Keine Nerven für Streit
Um Jenal Briefe nachsenden zu können, nahm der Nachmieter Kontakt mit Seraina Jenal auf. Und erfuhr so, dass er praktisch ohne Verbesserung zwanzig Prozent mehr Miete bezahlen soll. Renoviert wurden nämlich weder Küche noch Böden, einzig hier und dort wurde eine Wand neu gestrichen. Weil er nicht Mitglied des MV war, hätte der Nachmieter die Anwaltskosten selber tragen müssen. Es hätten ihm aber auch die Zeit und die Nerven für einen solchen Streit gefehlt, sagt er, der nicht namentlich genannt sein will. In der Logik von Alfred A. Hog sieht dieser Verzicht auf eine Anfechtung dann so aus: «Die Tatsache, dass der neue Mieter diesen Mietzins nicht angefochten hat, zeigt klar auf, dass er diesen erhöhten Mietzins als fair erachtet.»

Nachdem im «Tages-Anzeiger» der Artikel zur Kündigung der Wohnung von Christian Caspar durch die Waldmann Verwaltung erschienen war, ging es in der Online-Kommentarspalte der Zeitung sogleich emotional zu und her. Bei der Redaktion gingen kritische Meldungen von Mietenden ein. Auch solche zur Firma Waldmann. Eine stammte von Daniel Stuber, dem Hog letztes Jahr seine Wohnung an der Müllerstrasse 37 im Kreis 4 gekündigt hatte, ebenfalls mit dem Argument der Renovation. Auf der Schlichtungsstelle erzählte Hog auch diesem Mieter die Geschichte von den Mitarbeitern des Oldtimer-Unternehmers – das Haus gehört wie jenes an der Konradstrasse Hans Ulrich Schaer. Die Angestellten seien aus Polen und wohnten in einem Industriegebiet, das keine Wohnzone sei, weshalb die Gemeinde eine Frist zum Auszug gesetzt habe.

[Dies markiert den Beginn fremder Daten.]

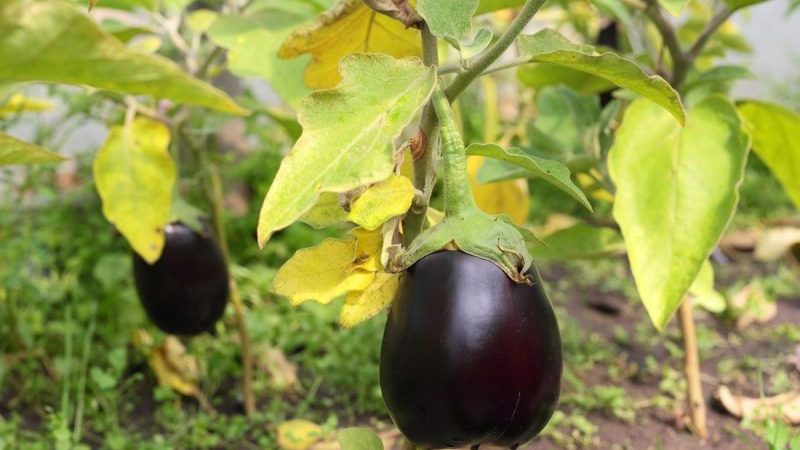 What to do if the leaves turn yellow in the eggplant greenhouse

Eine hübsche Geschichte, aber Stuber war skeptisch. Er erzählt: «Kurze Zeit später, etwa einen Monat nachdem ich ausgezogen war, sah ich bereits Nachmieter auf dem Balkon. Es sah nach einem jungen Paar aus.» Also eher keine polnischen Arbeiter. Stuber ging dem nicht weiter nach. Er hatte eine neue Wohnung gefunden und wollte seine Energie anders nutzen, als sich noch einmal mit der Verwaltung herumzuschlagen. Alfred A. Hog sagt zu diesem Fall: «Die Vermietung des Mietobjektes an einen Mitarbeiter des Eigentümers oder einer seiner Gesellschaften bildete keinen Kündigungsgrund. Ob das Mietobjekt an einen Mitarbeiter vermietet wurde, ist daher zur Beurteilung der Gültigkeit der Kündigung ohne Relevanz.» Indes sei die Wohnung total saniert worden. Hog schickt Fotos mit. Und sieht sich in allen drei Fällen rundum im Recht. Das Fazit aus diesen Geschichten: Mietende sind gut beraten, in Zweifelsfällen ihre Rechte wahrzunehmen. Denn geschenkt wird ihnen gerade auf dem Zürcher Mietmarkt nichts. Oder wie Politologe Caspar sagt: «Wohnen ist ein Grundbedürfnis. Aber eines, das am Markt ausgehandelt wird, solange wir uns nicht dagegen wehren.»